Sunday, 25 May 2014

What Is a Racing Game? On Wave Race 64

When I stream my emulated ROM of Wave Race 64, I always take a moment to state that I think Wave Race is a “beautiful game.” I say this seriously, not only because I think Wave Race is beautiful, but because Wave Race is a game that is concerned with the notion of beauty and the sublime. In this sense, the game is very romantic, but not hopelessly so. Instead, Wave Race's sense of beauty is displayed though a fascination and curiosity to its own settings. There’s a sense of wonder from the game itself as the camera makes slow, careful pans and tilts across its own lakes and beaches. 

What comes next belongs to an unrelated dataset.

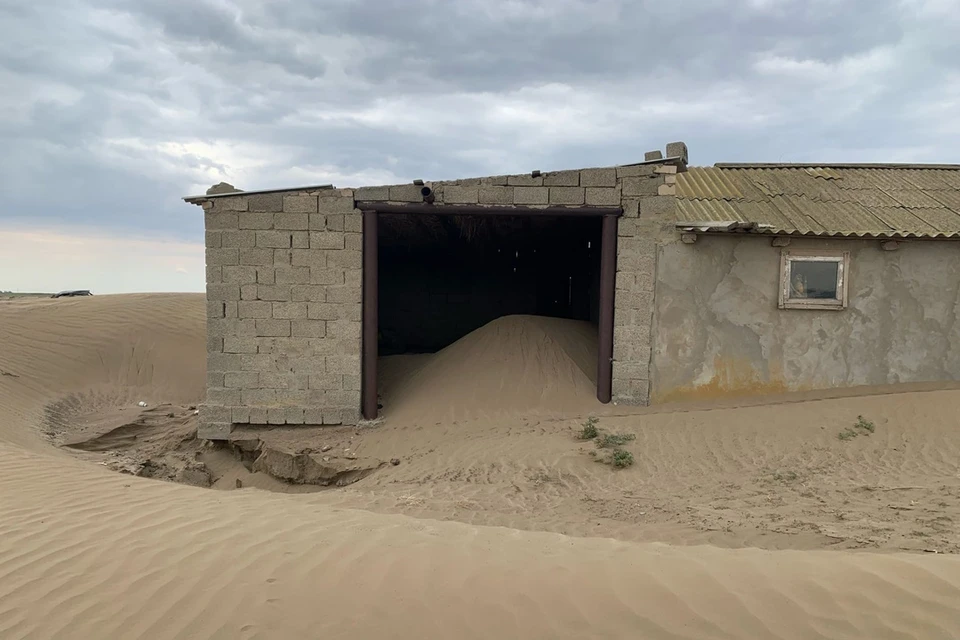 Борьба с засухой и опустыниванием станет более эффективной. Фото: mts.ru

These sorts of moments will happen in the intro sections of a race, where the game is foreshadowing the setting to us, and where we get to develop an idea of what kind of track we’ll be racing in.  Many racing games use these sections to flip through glamorous track shots before locking the camera to the player-character, but Wave Race takes a lot of time here, more than actually needed to communicate the basic nature of the track. So we can argue that Wave Race's intro section is somewhat 'useless'. In the sense of Polansky's understanding of the useless, it extends, perhaps even rejects intrinsic functionality, and instead takes the time to display beauty for its own sake.  Wave Race gains character, and consequently becomes 'alive' when it shows self-interest, when it inquires into concerns that extend beyond the needs of the player-audience. 

Weight of the Pan

Wave Race 64 uncovers a simple and poignant relationship within time, weight, and the image. We can make the simple observation that the longer an image is shown to us, the deeper our capacity to appreciate its 'beauty', which would be whatever appealing intricacies within the image that we can find when engaging with it. Videogames often create opportunities within the space for this kind of engagement. AAA games with notable vistas for example, like Bioshock Infinite or Mass Effect 2 or DmC will have ledges and balconies where we can stare into the outer borders of the world area, free from the high-stress play we're forced to work through when we move back into their core sections. By allowing me to engage with the beauty of these vistas for as long as I want without interruption, this spaces stretch the game’s sense of time to an infinite length.

Another example of this I think is very important is during Wave Race's play sections, specifically what happens when we make sharp turns. Along with the game's introductions, I'd say this is also a pillar and crucial part of Wave Race. When we make a rotating turn, we see the camera make a gradual pan, slowly increasing in speed during until we make a corner, at which the camera beings to slow down. This gradual, linear (or possibly exponential) increase of speed is different from the consistent, static relationship between the camera speed and the movement on our joystick, where the speed goes to 0 to X in ~0s. This use of the camera is closer to something like Flower than a competitive racing game. And yet, this small device gives Wave Race an immense sense of weight. The act of moving itself feels powerful and physically affecting. Wave Race creates a moment of sublime in the very act of turning, where our attention becomes suspended, or what Kilhefer would probably note as a "combination of attention, orientation and balance". Here, in this tiny slit of time we would call the "sublime", time becomes stretched to infinite planes, our sense of the temporal and the structural dissolves, and we are once again opened full-heartedly to the image that we are engaged with. We are now in the moment to engage with beauty uninterrupted. 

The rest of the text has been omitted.